How to optimize caching file accesses
How can you tell if the caches are working well and how big they should be? How can you tune applications together with the caches? We show you
Following on from last month's discussion of local disk accesses, this column looks at networked access. Accessing a file over a network is hundreds of times slower than reading a cached copy from memory. Many types of cache exist to speed up file accesses. Changing your workload to make it more "cache friendly" can result in very significant performance benefits. (2,500 words)
I know that files are cached in memory, and there is also a cache
file system option. How can I tell if the caches are working well and
how big they should be? How can I tune applications together with the
caches? Are you finally going to tell me about cachefs this month?
--Tasha in Cashmere (for the third time)
--Tasha in Cashmere (for the third time)
A: So far we looked at general cache principles and the caches used by local file access. This month I'll cover NFS and cachefs.
Recap on caches
The principles of caching and the name service cache were covered in detail in January's article. And we gave a brief recap of caching at the beginning of February's Performance column. (See Resources below for links to these past columns.)
So you've already learned that caches work on two basic principles: The first principle is called temporal locality, and depends on reusing the same things over time. The second principle is called spacial locality and depends on using things at the same time that are located near each other.
A cache works well if there are a lot more reads than writes, and the reads or writes of the same or nearby data occur close together in time. An efficient cache has a low reference rate (don't make unnecessary lookups), a very short cache hit time, a high hit ratio, the minimum possible cache miss time, and an efficient way of handling writes and purges.
A special kind of cache can be used to accelerate writes. Write caches use the same principles of temporal and spacial locality in a slightly different way. Temporal locality applies when writes to the same thing happen close together in time. The write cache waits a while after each write so that if another write to the same data comes along it can combine them together into a single coalesced write at a later stage. Writes that have spacial locality allow adjacent writes to be coalesced into a single larger write that is much more efficient to process.

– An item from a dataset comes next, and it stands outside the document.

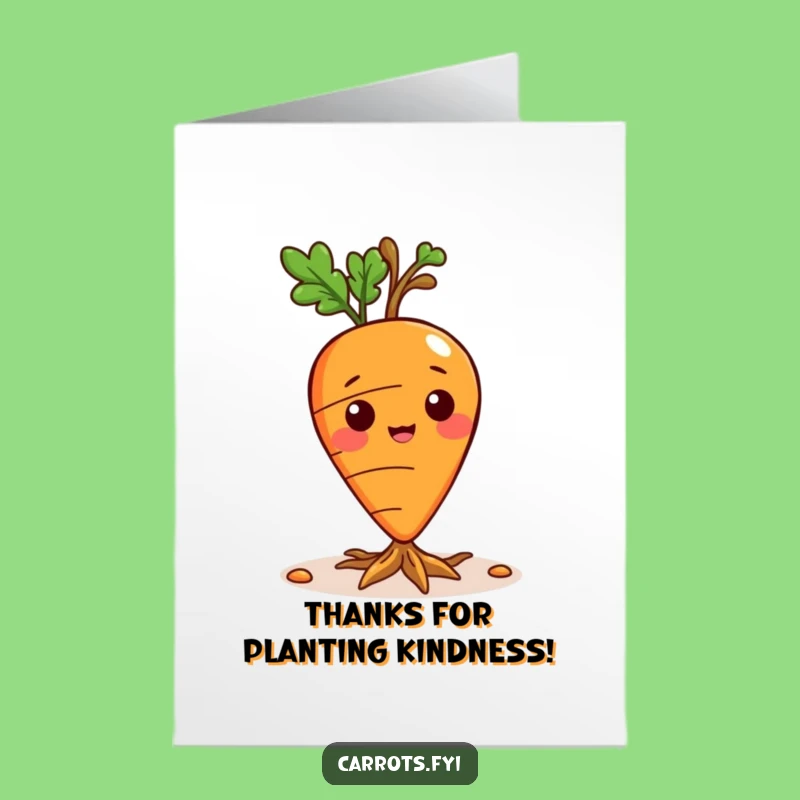 Free Printable Thank You Card: Sprouting Carrot Roots Gratitude Funny Downloadable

Tasha: Here's how NFS access caching works
We'll start by looking at the simplest configuration, the
fstat, read, write, and
mmap operations on an NFS
mounted filesystem. Compared with last month's diagram of Unix File
System (UFS) access caching, the diagram has been split in the middle,
pulled to each side and divided between the two systems. Both systems
contain an in-memory page cache, but the NFS filesystem uses an
rnode (remote node) to hold information about the file.

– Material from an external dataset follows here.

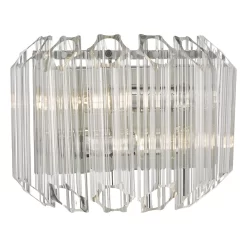 Tuvalu 2 Light Wall Light Glass & Polished Chrome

Like the UFS inode cache, the
rnode keeps pointers to
pages from the file that are in the local page cache.
Unlike the UFS inode, it does not contain the disk block numbers; it
holds the NFS file handle instead. The handle has no meaning on the
client, but on the server it is used to locate the mount point and
inode number of the file so that NFS reads and writes can go directly
to the right file on the server. An NFS file open on the client causes
a Directory Name Lookup Cache (DNLC) lookup on the client. If the file
is not found, it causes a DNLC lookup on the server that sets up both
the DNLC entry and the
rnode entry on the client.
There are a lot of interrelated caches. They are system-wide caches, shared by all users and all processes. The activity of one cache-busting process can mess up the caching of other well-behaved processes. Conversely, a group of cache-friendly processes working on similar data at similar times help each other by pre-filling the caches for each other. The diagram shows the main data flows and relationships.

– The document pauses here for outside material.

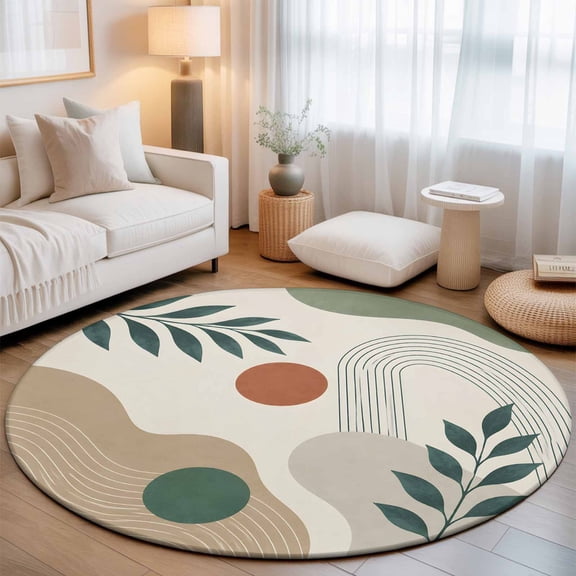 Boho Botanical 3.3' Round Rug for Bedroom Reading Corner, Sage Green Eucalyptus Leaf Terracotta Abstract Arch Line Washable Non Slip Circle Area Rug for Living Room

The lookup NFS call returns the
rnode information about a
file. This includes its size and datestamps, as well as the NFS file
handle that encodes server mount point and inode numbers that uniquely
identify the file. Every concurrently open file corresponds to an
active entry in the
rnode cache, so if a file is kept
open, its information is locked in the
rnode cache and is
immediately available. A number (set by the tunable
rnode entries are kept.
nrnode is set to twice the value of
It doesn't normally need tuning, but if the DNLC is increased,
nrnode increases as well. DNLC entries are filesystem
independent, they refer to entries in the UFS inode cache as well as
There are several NFS mount options that affect the operation of NFS
data and attribute caching. If you mount mail spool directories from an
NFS server, you might have seen a warning message that advises you to
noac option. This turns off attribute and write
caching. Why would this be a good idea?
The access pattern for mail files is that
the server appends messages to the file. The mailtool on an NFS client
checks the file attributes to see if new mail has been delivered. If
the attributes have been cached,
mailtool will not see the
change until the attribute timeout expires. The access pattern of
mailtool involves multiple
writers to the same file, so it is not a good idea to cache written
data on the client. This highlights two issues: One is that with
multiple clients there may be multiple copies of the same data cached
on the clients and the server, and NFS does not enforce cache coherency
amongst the clients. The second is that in situations where the cache
is of no benefit, it can be disabled. See the
mount_nfs(1M) manual page for full details on the
attribute cache timeout options.
How the in-memory page cache on an NFS client
When we talk about memory usage and demand on a system, it is actually the behavior of this cache that is the issue. It contains all data that is held in memory. That includes the files that make up executable code and normal data files, without making any distinction between them. A large proportion of the total memory in the system is used by this cache as it holds all the pages that make up the current working set of the system as a whole.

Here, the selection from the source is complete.